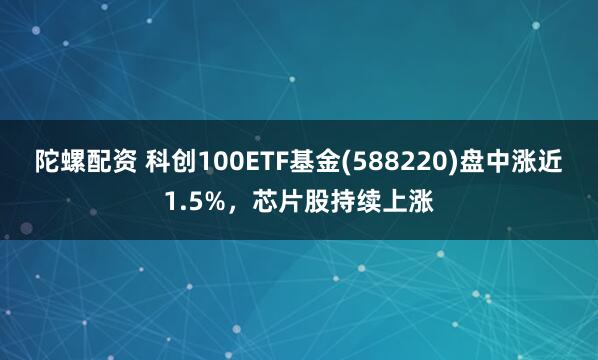 陀螺配资 科创100ETF基金(588220)盘中涨近1.5%，芯片股持续上涨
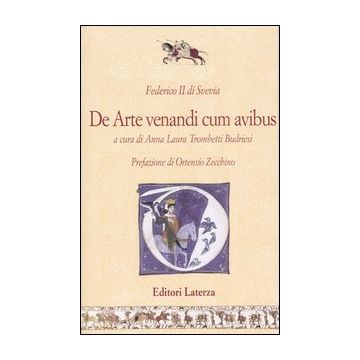 De arte venandi cum avibus. Testo latino a fronte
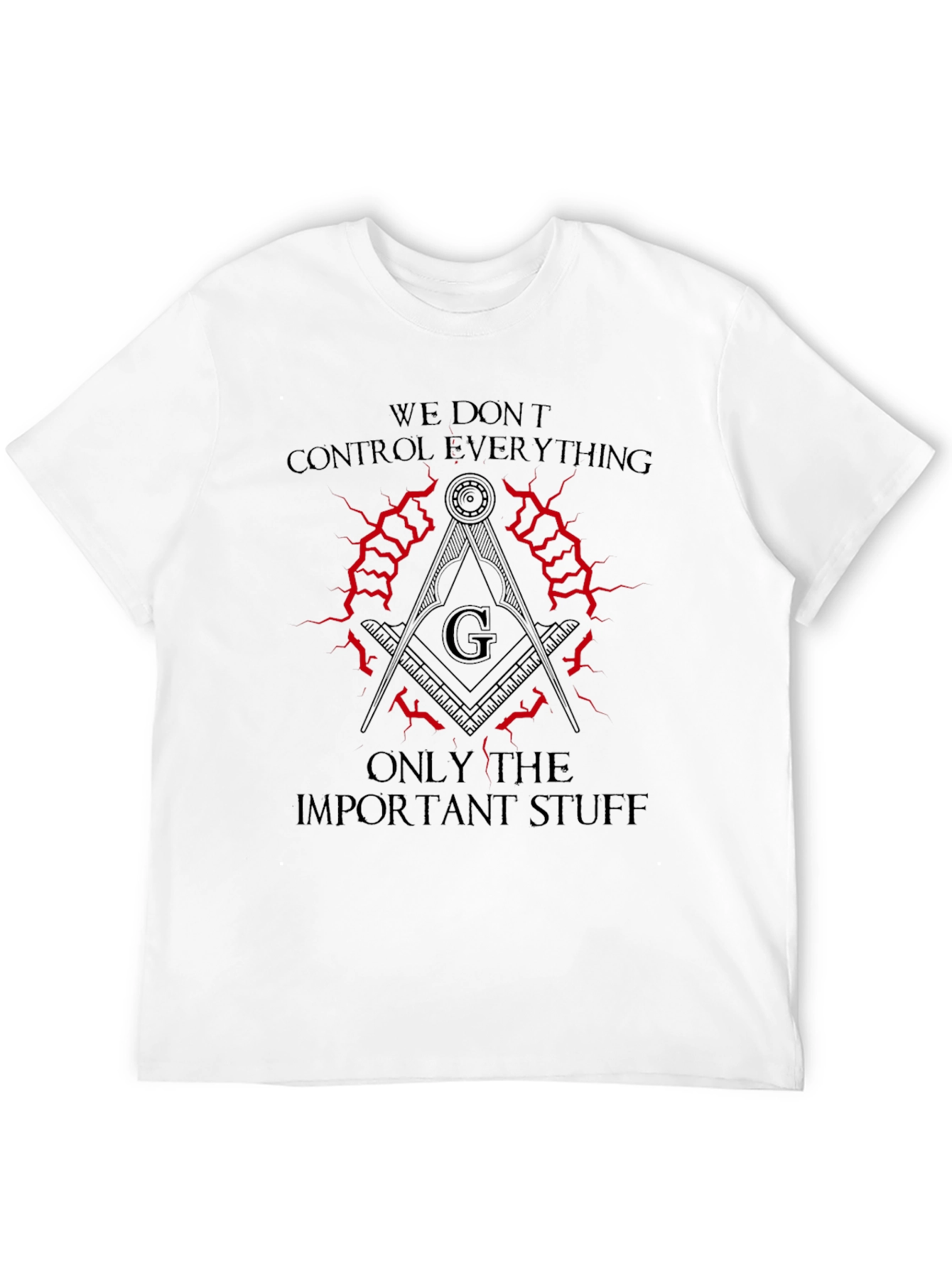 Black We Don't Control Everything Masonic T-Shirt view 12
--------------------------------------------------
— Work order —
This exercise calls for the complete listing, returned exactly and without images.

— Expected answer —
 陀螺配资 科创100ETF基金(588220)盘中涨近1.5%，芯片股持续上涨
 De arte venandi cum avibus. Testo latino a fronte
 Black We Don't Control Everything Masonic T-Shirt view 12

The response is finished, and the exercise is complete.